People v. Vara

Decision Date21 December 2016
Docket NumberNo. 2-14-0849,2-14-0849
Citation68 N.E.3d 1018,2016 IL App (2d) 140849
Parties The PEOPLE of the State of Illinois, Plaintiff-Appellee, v. Ricardo VARA, Defendant-Appellant.
CourtUnited States Appellate Court of Illinois

Michael J. Pelletier, Thomas A. Lilien, and Jaime L. Montgomery, of State Appellate Defender's Office, of Elgin, for appellant.

Carl H. Larson, State's Attorney, of Freeport (Lawrence M. Bauer and Marshall M. Stevens, of State's Attorneys Appellate Prosecutor's Office, of counsel), for the People.

OPINION

JUSTICE SPENCE delivered the judgment of the court, with opinion.

¶ 1 This case presents a matter of statutory construction. Defendant, Ricardo Vara, was convicted of grooming pursuant to section 11-25 of the Criminal Code of 2012 (Code) (720 ILCS 5/11-25 (West 2012) ), in that he sent a text message to J.D., an 11-year-old girl, stating that he wanted to make love to her "pink hot pussy." On appeal, defendant argues solely that, to be convicted of grooming, section 11-25 required that he enticed J.D. in order that J.D. commit a sex offense. Because we interpret the statute as requiring that defendant enticed J.D. to engage in sexual conduct with defendant—in order that defendant could commit a sex offense—we affirm.

¶ 2 I. BACKGROUND

¶ 3 Defendant was charged with one count of grooming pursuant to section 11-25 of the Code (the grooming statute). Id. The State alleged that on or about January 14, 2013, defendant:

"knowingly used a * * * cellular device to entice J.D. a child, to commit the offense of Predatory Criminal Sexual Assault of a Child, in violation of 720 ILCS 5/11-1.40, in that he sent a text message to J.D.'s phone stating that he wanted to make love to ‘ur pink hot pussy’."

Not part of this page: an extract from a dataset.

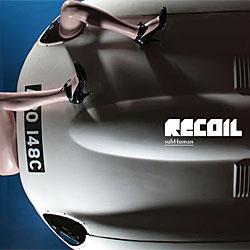 Cover der CD "subHuman"; der Band "Recoil" Cover der CD "subHuman"; der Band "Recoil"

¶ 4 On May 13, 2014, defendant waived his right to a jury trial, and the case proceeded to a stipulated bench trial. The State provided the following evidence, and defense counsel agreed that the State's witnesses, if called, would testify in substantially the same manner. First, Freeport police officer Coplien would testify as follows. On February 5, 2013, Coplien responded to a complaint of explicit text messages sent to J.D. Upon arriving at the complainant's home, Coplien saw defendant standing outside. Defendant's date of birth was August 14, 1955. Coplien spoke with defendant, and defendant told him that he had made a mistake by sending a text message to the wrong person.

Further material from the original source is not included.